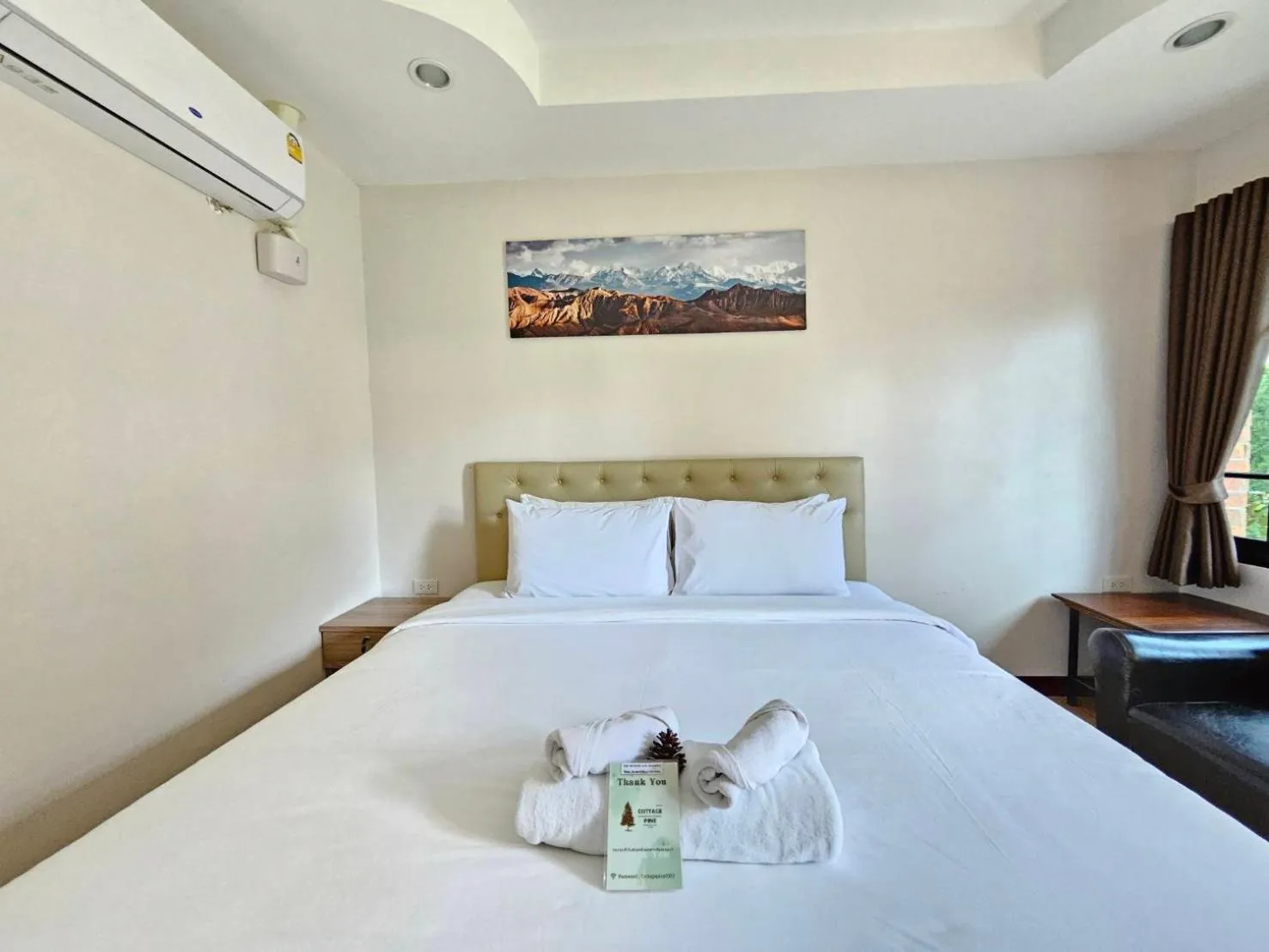 Bed in CottagePine Rayong Resort&Cafe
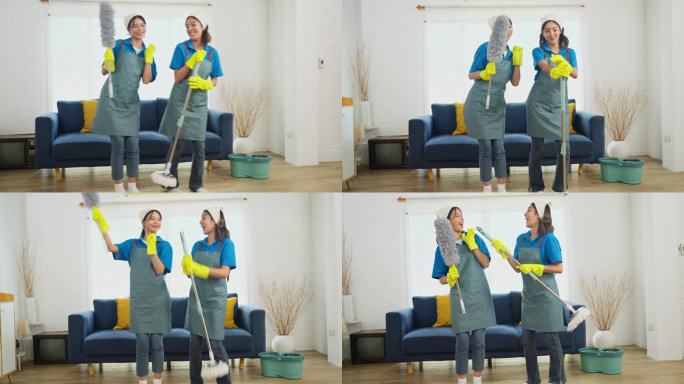 两个亚洲女管家或女佣站在一起，拿着清洁房子的工具，快乐地跳舞。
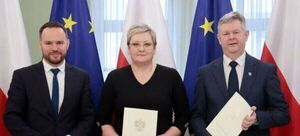 Trzy osoby stojące obok siebie, trzymające dokumenty z godłem, z flagami UE i Polski w tle.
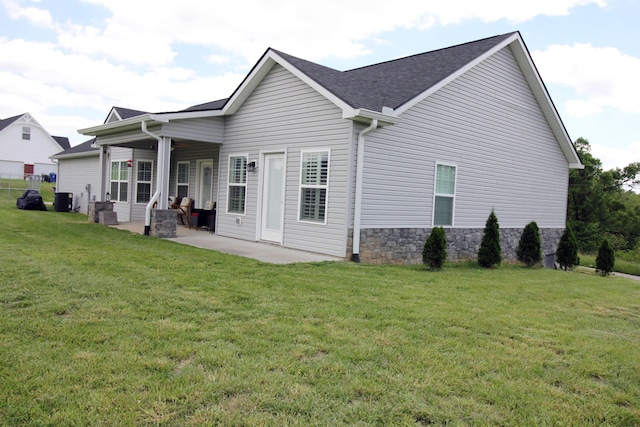156 Kaydons Way, Somerset, KY 42503 - back of house featuring a patio area, a yard, roof with shingles, and central air condition unit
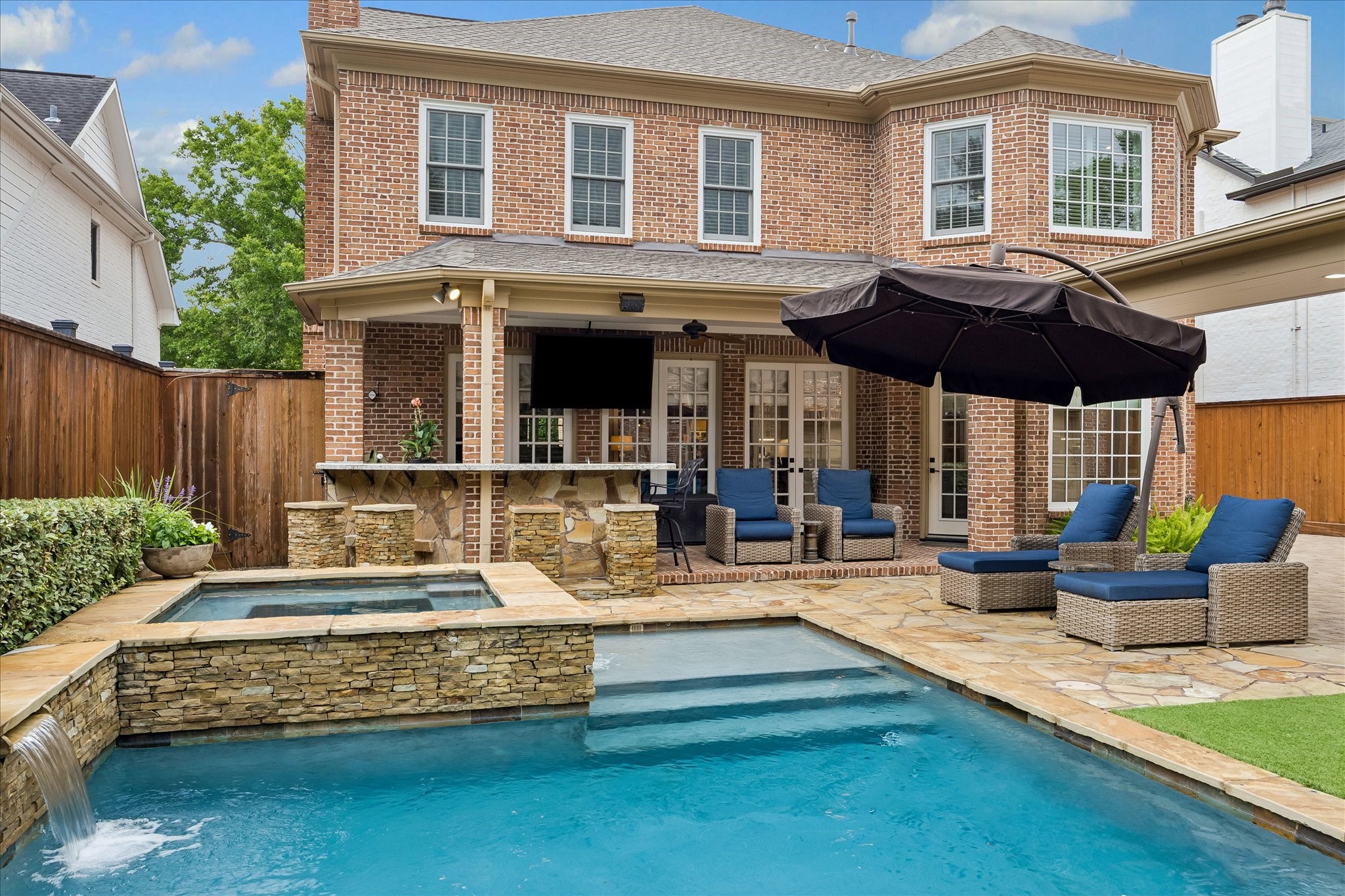 6358 Auden Street Houston, TX 77005 - Photo 41 of 50 Another view of spa/hot tub with waterfall features of pool. Double-paned windows were installed some years ago.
........
= EXERCISE BRIEF =
Word for word and without pictures, restate only the lines running from the one that contains "Trzy osoby stojące" through the last line of the listing above.

= RESULT FOR THIS EXERCISE =
 Trzy osoby stojące obok siebie, trzymające dokumenty z godłem, z flagami UE i Polski w tle.
156 Kaydons Way, Somerset, KY 42503 - back of house featuring a patio area, a yard, roof with shingles, and central air condition unit
 6358 Auden Street Houston, TX 77005 - Photo 41 of 50 Another view of spa/hot tub with waterfall features of pool. Double-paned windows were installed some years ago.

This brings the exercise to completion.